### Exercise directions
Please repeat exactly the lines from the one containing "Freja_Petersen's tweet photo." through the last line of the records, both included, and nothing else, leaving out any pictures.

### Material provided
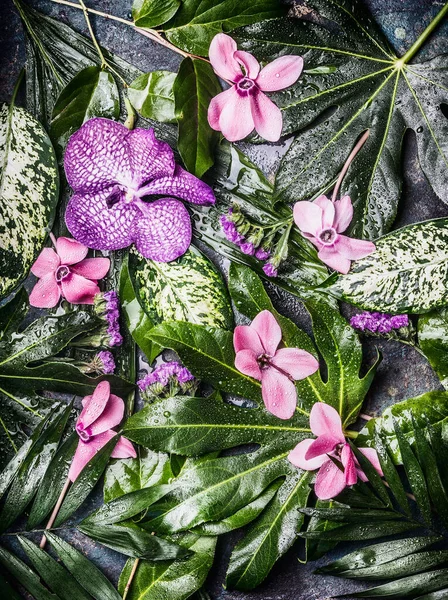 Kreativní Tropické Přírodní Pozadí Různými Palmami Džungle Listy Fialové Květy — Stock fotografie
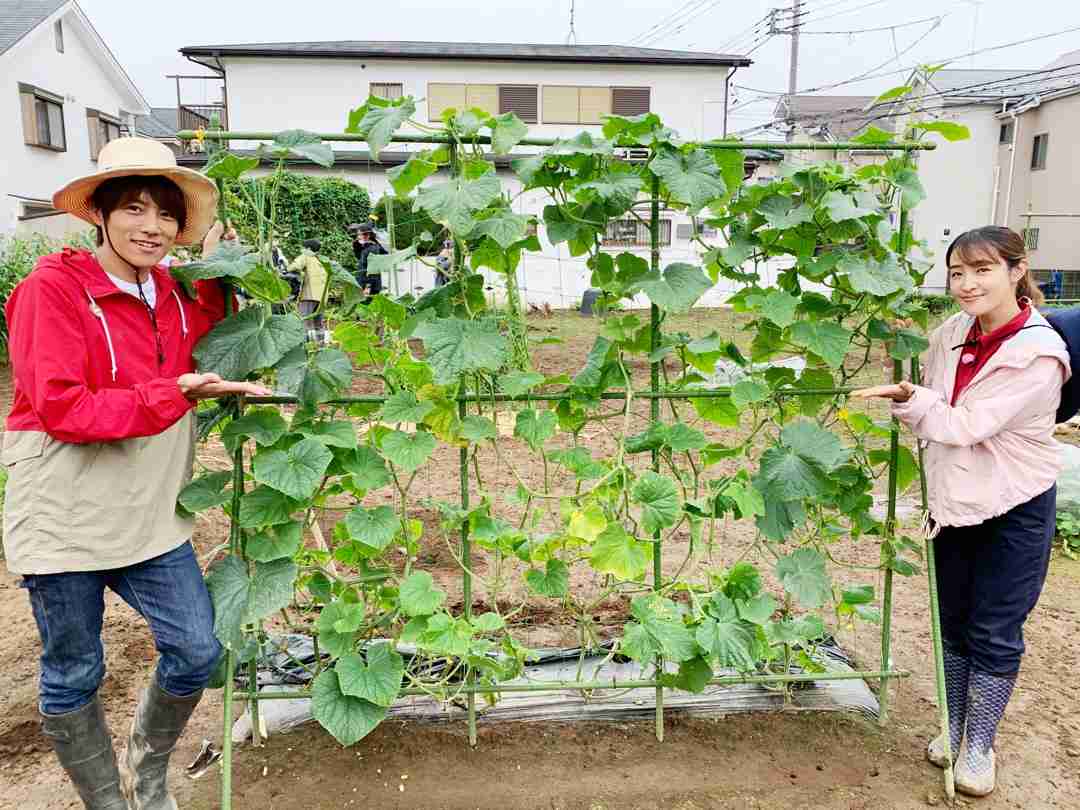 【家庭菜園】軽く自給自足生活がしたい!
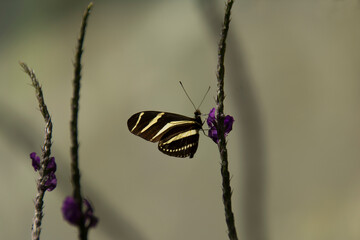 The butterfly is sitting on the grass stem with its yellow striped black wings closed against the blurry background conjures up such a dreamy minimalistic emotion. 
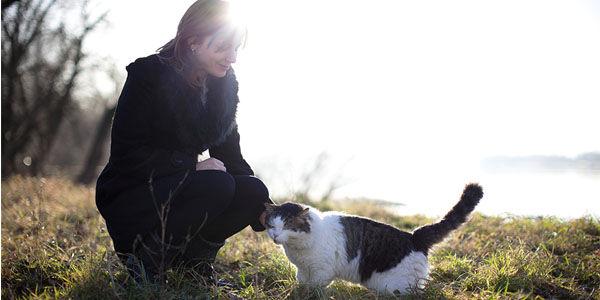 Freja_Petersen's tweet photo. @EviMeuris Sign/RT:
MT LAUREL: DON'T STARVE OUT FERAL CATS & FINE EMPATHETIC RESIDENTS FOR ...
http://t.co/pyKZrb8GrP http://t.co/2cb4ngmSaU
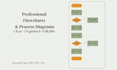 professional flowcharts and process diagrams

### Solution for this problem
 Freja_Petersen's tweet photo. @EviMeuris Sign/RT:
MT LAUREL: DON'T STARVE OUT FERAL CATS & FINE EMPATHETIC RESIDENTS FOR ...
http://t.co/pyKZrb8GrP http://t.co/2cb4ngmSaU
 professional flowcharts and process diagrams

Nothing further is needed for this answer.